## Exercise directions
Your output should be the lines from the one containing "rts index long" through the last line below, both ends included, exactly as written and free of pictures.

## Records supplied
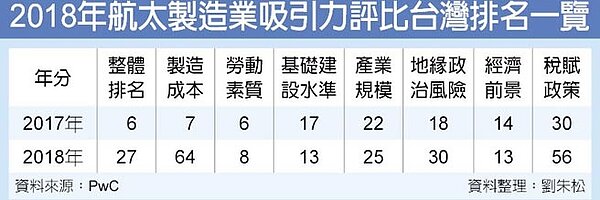 2018年航太製造業吸引力評比台灣排名一覽
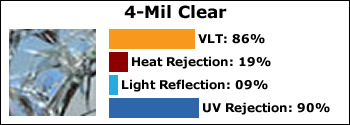 x-4-mil-clear-safety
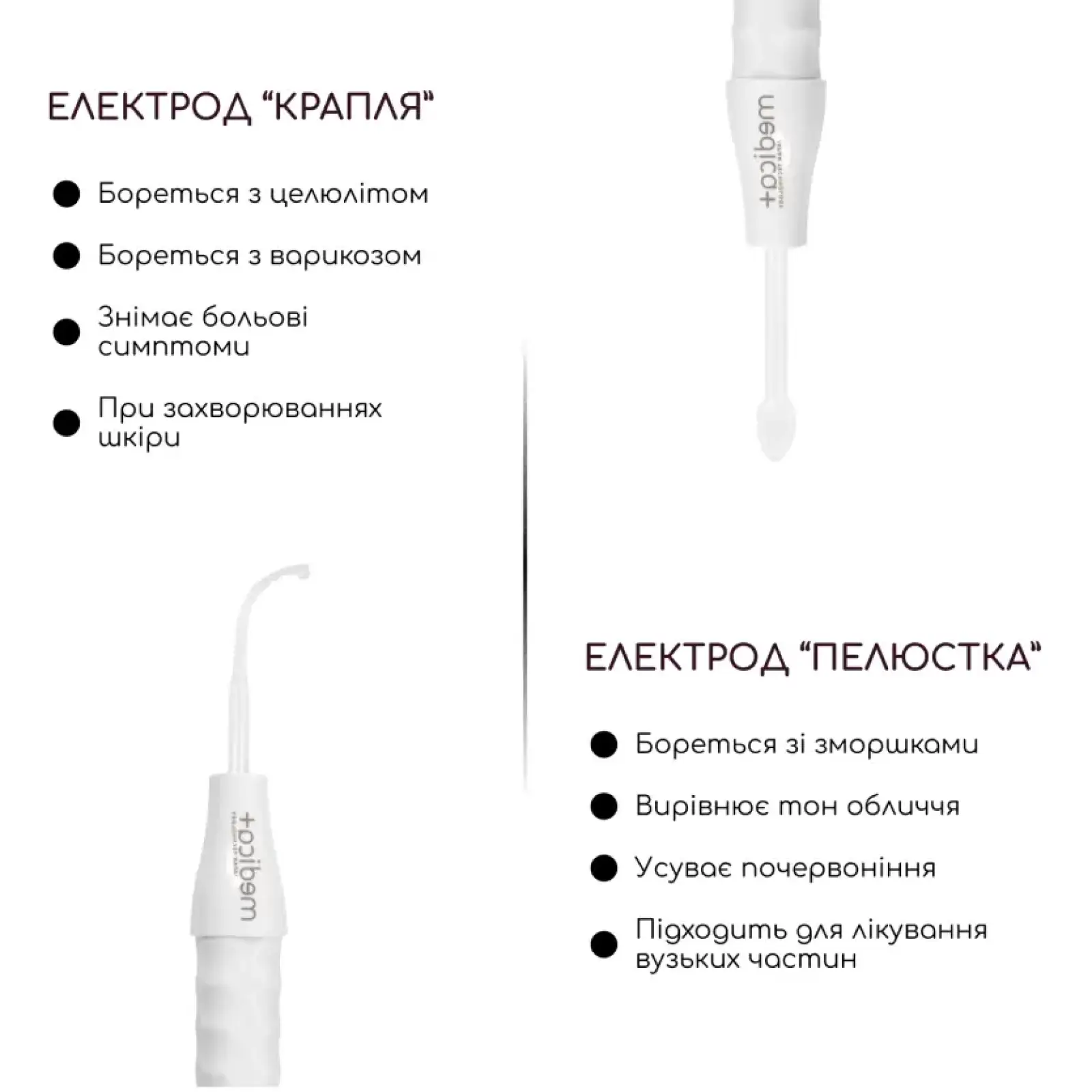Портативний дарсонваль MEDICA+ DARSOLINE 4.0 UA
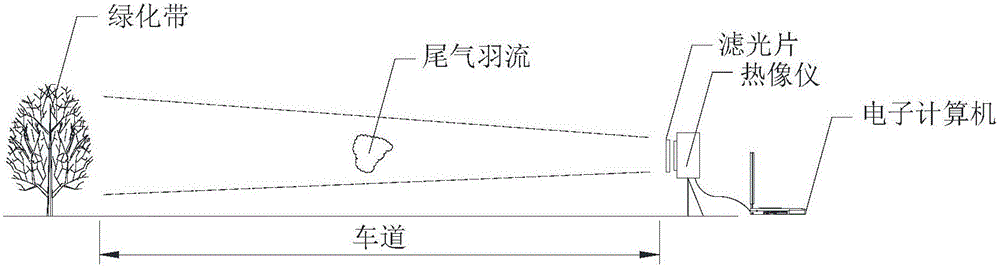 Method and system for motor vehicle exhaust HC concentration distribution detection based on multispectral images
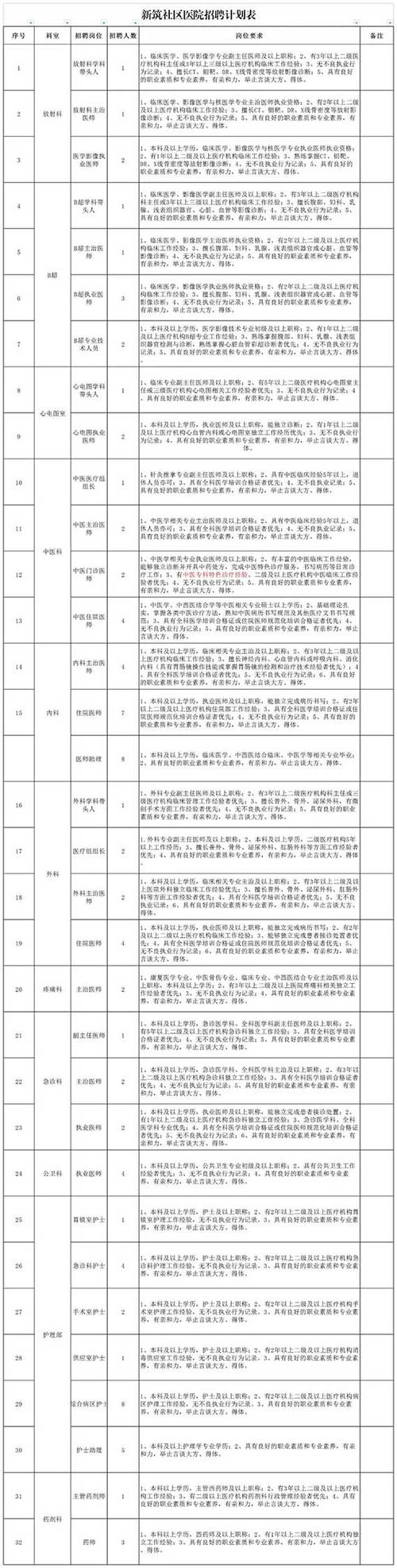 国际港务区招聘-图3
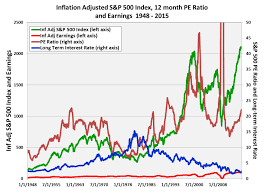 rts index long term chart of interest rates onimlehard cf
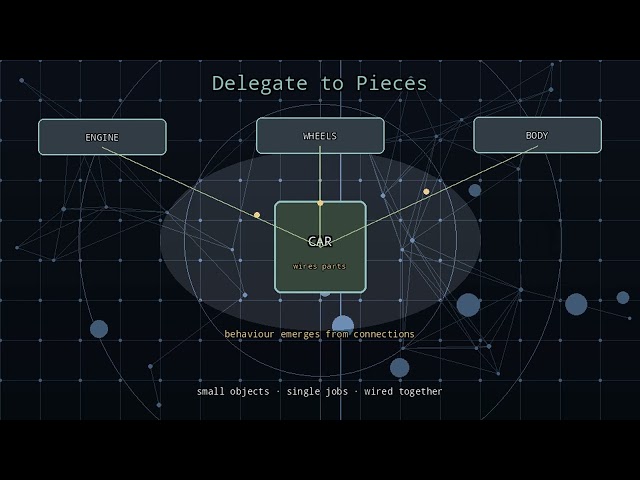 Data Structures as Organised State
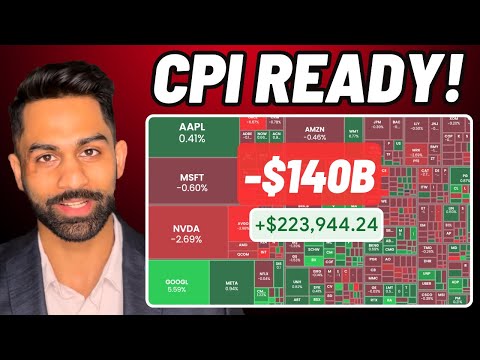 🚨 Urgent: Get READY for CPI! Watch *BEFORE* Tomorrow 8:30 AM ET! (About to GET CRAZY) #marketcrash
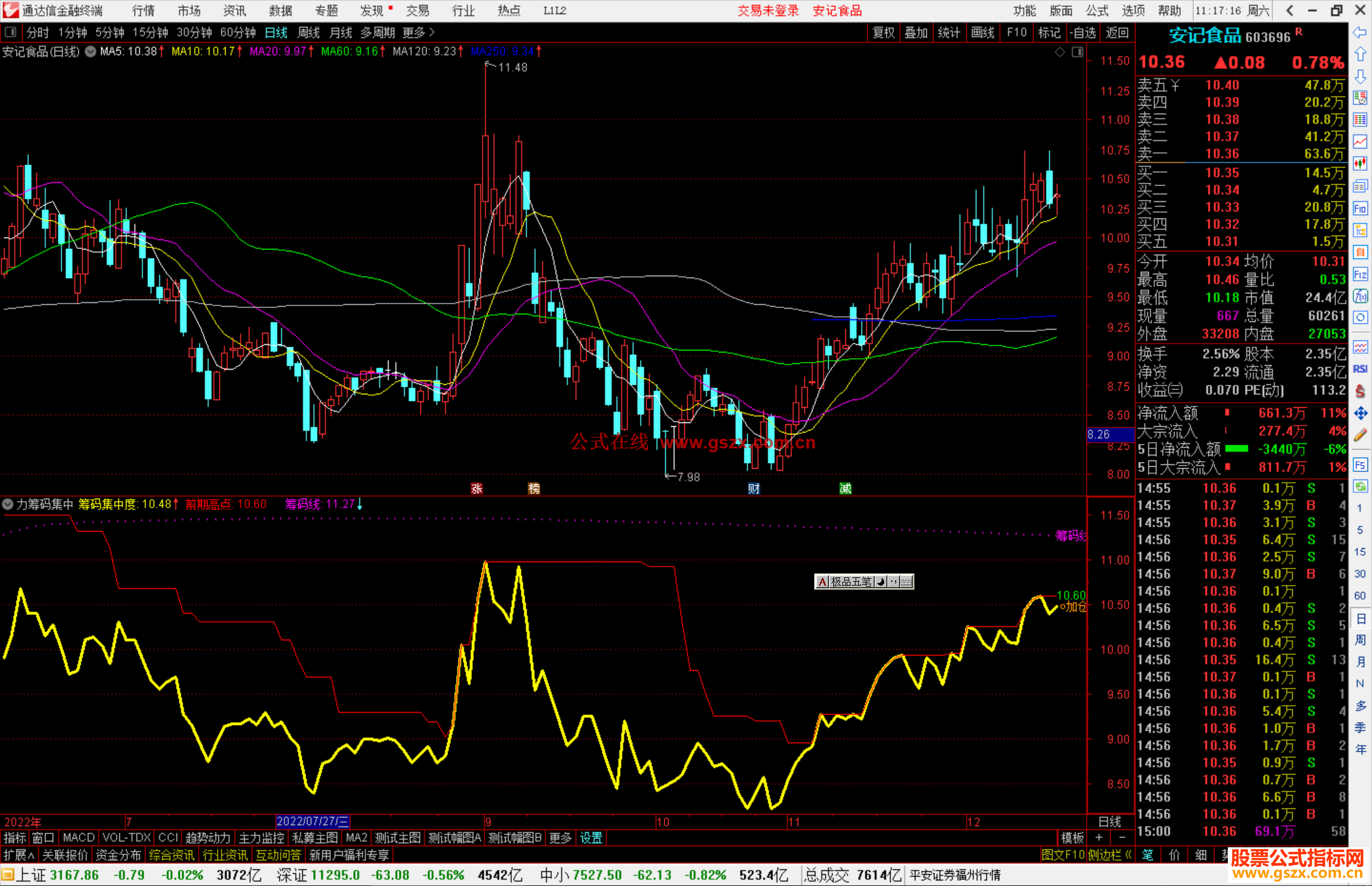通达信主力筹码集中指标公式源码副图主力筹码集中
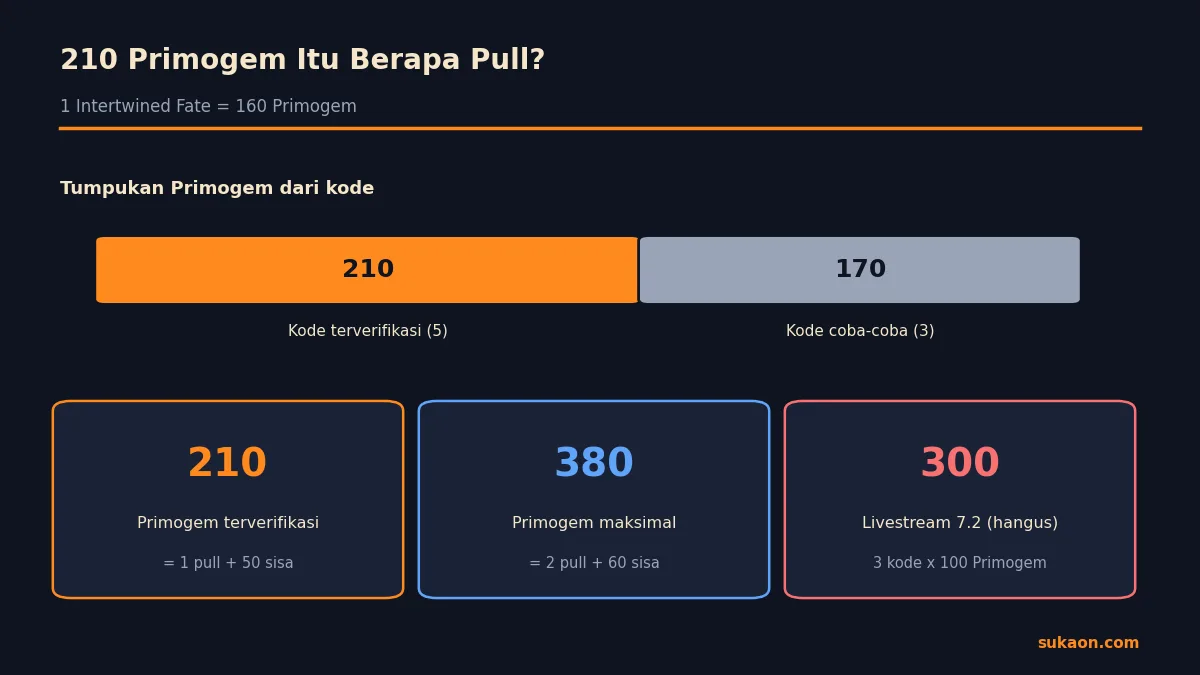 Hitungan Primogem dari kode redeem Genshin: 210 terverifikasi, 380 maksimal, 300 hangus dari livestream 7.2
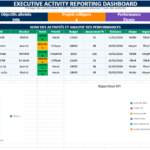 Tableau de suivi d'Activité dans Excel et modèle reporting efficace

## Written response
 rts index long term chart of interest rates onimlehard cf
 Data Structures as Organised State
 🚨 Urgent: Get READY for CPI! Watch *BEFORE* Tomorrow 8:30 AM ET! (About to GET CRAZY) #marketcrash
通达信主力筹码集中指标公式源码副图主力筹码集中
 Hitungan Primogem dari kode redeem Genshin: 210 terverifikasi, 380 maksimal, 300 hangus dari livestream 7.2
 Tableau de suivi d'Activité dans Excel et modèle reporting efficace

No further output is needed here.